Top 5 most-read stories last week: Breckenridge Ski Resort opens for the season, the election race in the 3rd Congressional District and Keystone project marred by big-dollar lawsuits
Stories in this list received the most page views on SummitDaily.com in the past week.
After getting blanketed with over 14 inches of fresh snow over the weekend, Breckenridge Ski Resort has announced it will open for the 2022-23 ski and ride season two days earlier than planned — Nov. 9.
“This is super exciting for us,” senior communications manager Sara Lococo said. “From what I can tell over the past 10 years, we have only opened up early one other time and that was in 2018. This is definitely really cool and exciting. We are thrilled to be able to kick the season off early and welcome the community back to the ski slopes in Breck.”
Breckenridge was moved by several factors to open up the two days earlier than anticipated.
“With weather and the temperatures we have been seeing, we have made really strong progress on snowmaking,” Lococo said. “Anytime that we can get skiers and riders riding sooner, we are all about that. The opportunity presented itself and we were able to get our staff in place and get our operations where they need to be in order to open.”
— Cody Jones
Win or lose, Democrat Adam Frisch shocked Republican U.S. Rep. Lauren Boebert and the national Democratic establishment that gave him little chance of succeeding in Tuesday’s election.
Logging thousands of miles driving across a district the size of Mississippi, his goal was to meet voters in person and overcome the stigma of being a millionaire from Aspen. The race in the 3rd Congressional District was still too close to call on Nov. 9, but Frisch held a narrow lead in a district that was widely believed to favor Republicans.
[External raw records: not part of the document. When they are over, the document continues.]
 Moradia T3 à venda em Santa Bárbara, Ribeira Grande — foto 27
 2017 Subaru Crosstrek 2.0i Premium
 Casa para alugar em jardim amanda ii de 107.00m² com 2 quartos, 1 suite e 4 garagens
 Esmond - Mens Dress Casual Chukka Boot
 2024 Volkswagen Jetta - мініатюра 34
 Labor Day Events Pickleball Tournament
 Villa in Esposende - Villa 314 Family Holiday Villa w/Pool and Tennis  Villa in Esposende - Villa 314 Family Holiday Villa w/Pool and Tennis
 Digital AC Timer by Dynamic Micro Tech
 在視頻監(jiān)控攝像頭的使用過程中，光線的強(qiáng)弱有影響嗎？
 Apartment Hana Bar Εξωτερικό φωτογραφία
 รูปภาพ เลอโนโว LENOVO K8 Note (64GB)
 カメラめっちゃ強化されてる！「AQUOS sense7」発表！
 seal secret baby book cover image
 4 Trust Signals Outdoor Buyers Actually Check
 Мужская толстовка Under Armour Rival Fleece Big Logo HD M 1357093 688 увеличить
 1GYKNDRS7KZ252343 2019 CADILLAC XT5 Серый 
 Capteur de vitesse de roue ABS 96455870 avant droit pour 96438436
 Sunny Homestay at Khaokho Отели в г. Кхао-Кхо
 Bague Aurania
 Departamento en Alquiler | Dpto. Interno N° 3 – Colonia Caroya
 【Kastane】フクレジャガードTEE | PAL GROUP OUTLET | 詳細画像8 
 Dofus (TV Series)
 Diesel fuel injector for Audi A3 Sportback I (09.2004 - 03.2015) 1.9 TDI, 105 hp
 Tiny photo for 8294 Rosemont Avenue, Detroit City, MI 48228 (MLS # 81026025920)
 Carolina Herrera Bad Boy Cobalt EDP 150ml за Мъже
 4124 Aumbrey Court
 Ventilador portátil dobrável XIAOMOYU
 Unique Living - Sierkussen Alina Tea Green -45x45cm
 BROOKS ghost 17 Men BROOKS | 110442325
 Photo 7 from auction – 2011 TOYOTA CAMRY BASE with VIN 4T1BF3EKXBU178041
Frisch, a former currency trader whose only political experience was serving on Aspen’s city council, sought to make a case that he was a moderate Democrat who would focus on western Colorado and not be a part of what he calls the D.C. circus.
— The Aspen Times
The co-developer of a $300 million resort in Keystone says $8 million went missing from the project and the firm was then pushed out for revealing the other developer’s bank fraud.
That developer accused of fraud says the other developer is a liar, sham and grifter who committed a federal crime while running a scam that cost the project $72 million.
The Kindred Resort, which broke ground earlier this year and is expected to open in 2025, will be a ski-in, ski-out hotel and condo complex on four acres. Its 95 condos range in price from $1 to $6 million, according to the Summit Daily News.
Lawsuits sitting at courthouses in New York City and Breckenridge reveal deep and lasting animosity between the two firms picked by Vail Resorts to co-develop the project. The result could be costly litigation, with each side demanding the other pay tens of millions of dollars.
The interstate is now open after “safety concerns” closed Interstate 70 eastbound between Copper Mountain and Vail Pass around 6:51 p.m. Nov. 9, according to a Colorado Department of Transportation alerts.
The National Weather Service has issued a hazardous weather outlook that was set to expire at noon Nov. 10.
Gusts of wind up to 50 mph and between 3 to 8 inches of snow are forecasted during the storm. Eagle County is forecast to receive more snow than Summit County, meteorologists said.
— Andrew Maciejewski
Running out of time and options to save water along the drying Colorado River, federal officials said they’re considering whether to release less water from the country’s two largest reservoirs downstream to Arizona, California and Nevada.
Without enough snow this winter, the water level at Lake Powell — the country’s second-largest reservoir — will drop below a critical level by next November, according to a new report from the U.S. Bureau of Reclamation. Below that point, the Glen Canyon Dam will no longer be able to generate electricity and experts worry whether conditions will worsen to the point that the structure will no longer be able to send water downstream at all.
Conditions on the Colorado River are worsening quicker than expected. The seven states in the river basin made little progress saving water over the summer and Colorado is heading into its third La Niña winter in a row, likely indicating below-average snowpack. A worst-case scenario, once considered only as a hypothetical, now presents a very real threat.
“It’s going to be ugly,” Mark Squillace, a water law professor at the University of Colorado, said. “The bottom line is there just isn’t going to be enough water available.”